*** Dataset excerpts ***
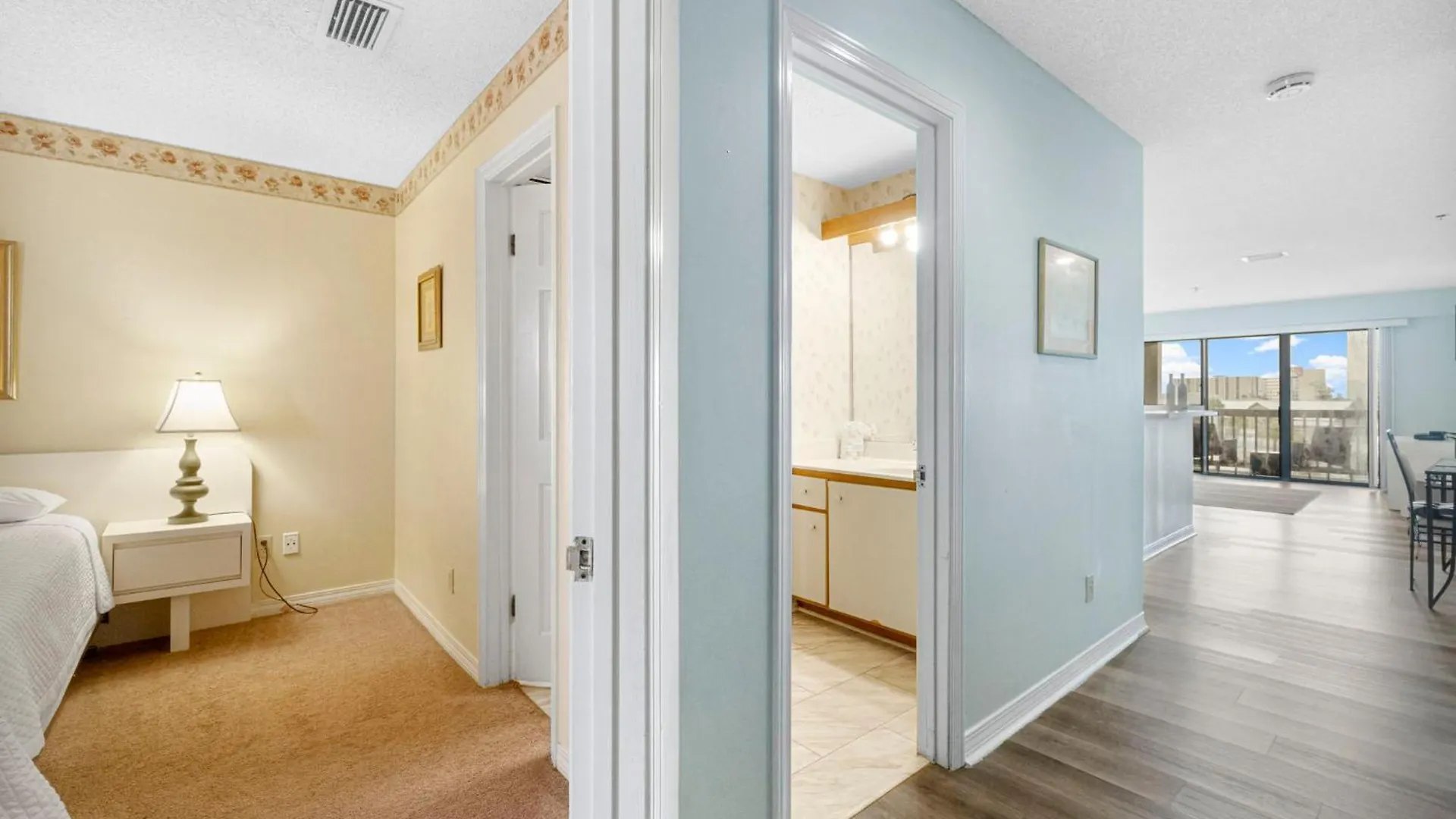 The Inn At St Thomas Square 1305A Panama City Beach Apartment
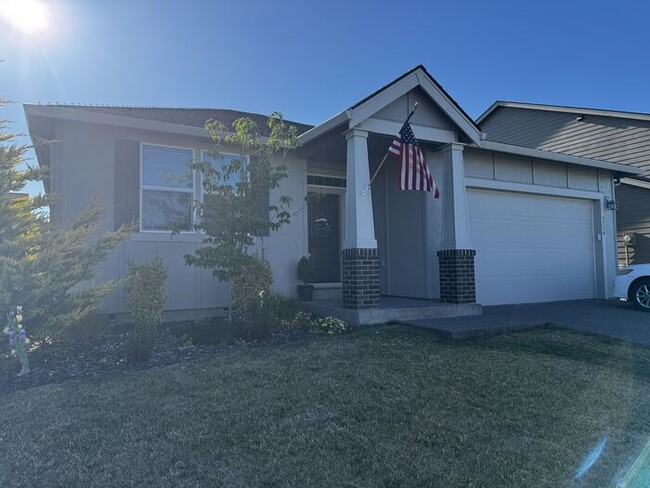 property at 3714 S 40th Pl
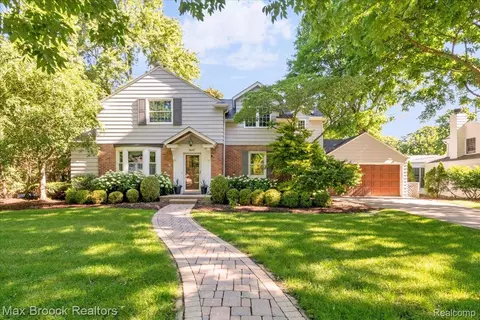 1647 Yorkshire Rd, Birmingham, MI 48009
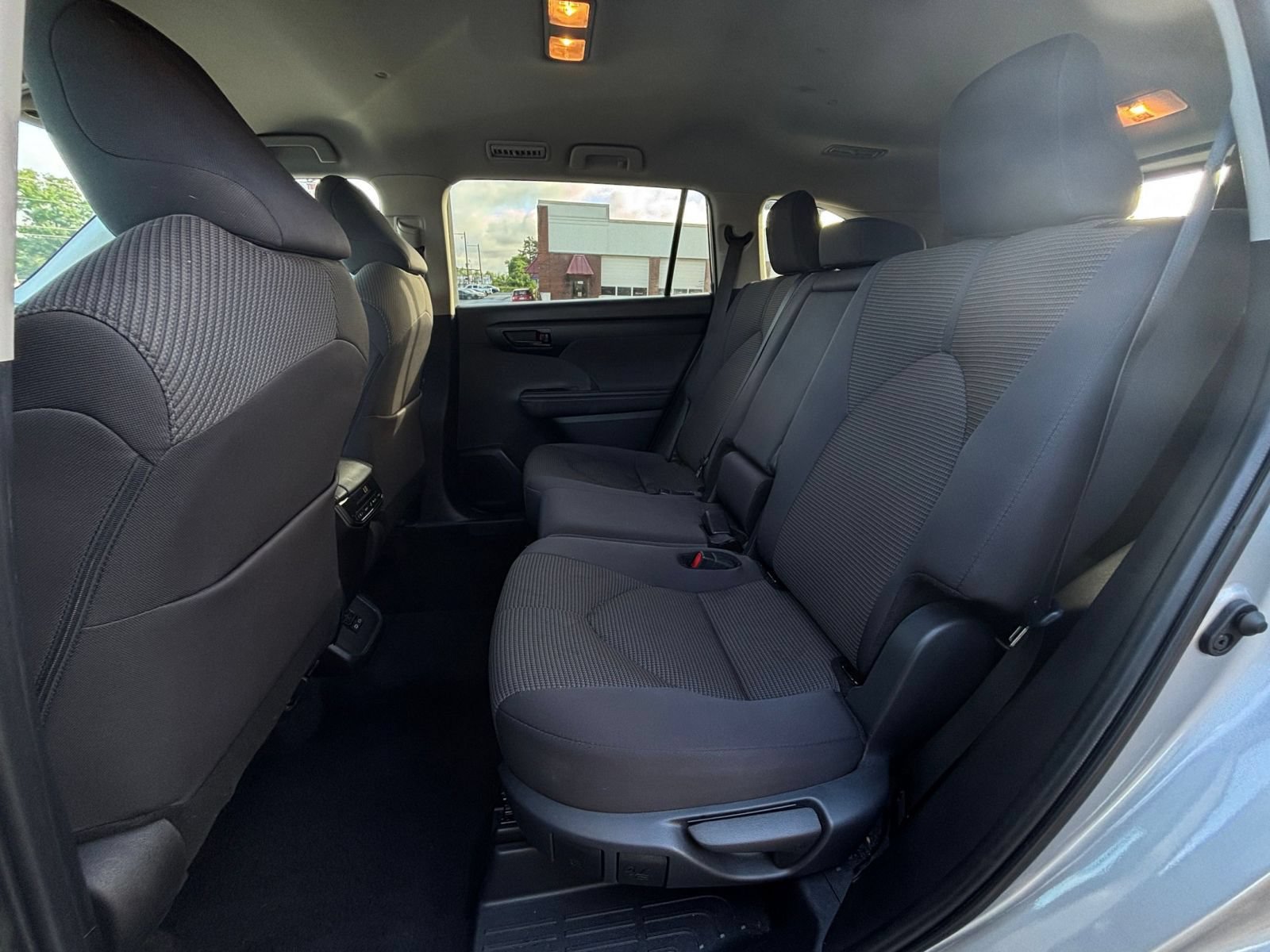 Thumbnail: 2025 Toyota Highlander - 28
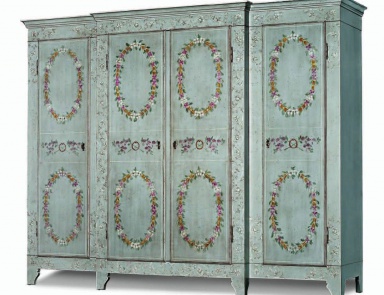 Шкаф четырехстворчатый продукции Salda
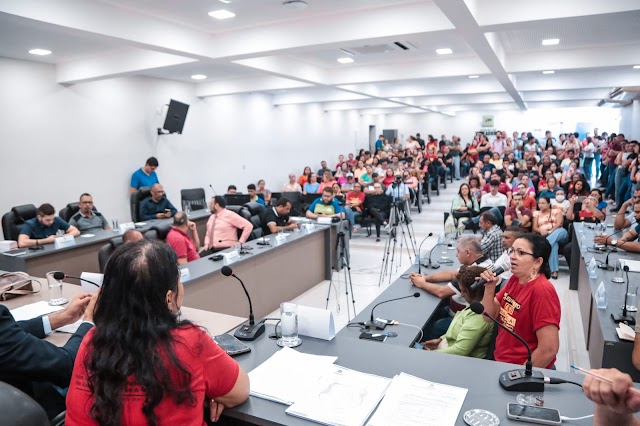 Greve dos professores é considerada ilegal pela justiça, mas categoria deve manter paralisações em Santa Cruz do Capibaribe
*** End of Dataset excerpts ***
— Exercise requirements —
Each entry above should be printed exactly, and any picture in it left out.

— Response below —
 The Inn At St Thomas Square 1305A Panama City Beach Apartment
 property at 3714 S 40th Pl
 1647 Yorkshire Rd, Birmingham, MI 48009
 Thumbnail: 2025 Toyota Highlander - 28
 Шкаф четырехстворчатый продукции Salda
 Greve dos professores é considerada ilegal pela justiça, mas categoria deve manter paralisações em Santa Cruz do Capibaribe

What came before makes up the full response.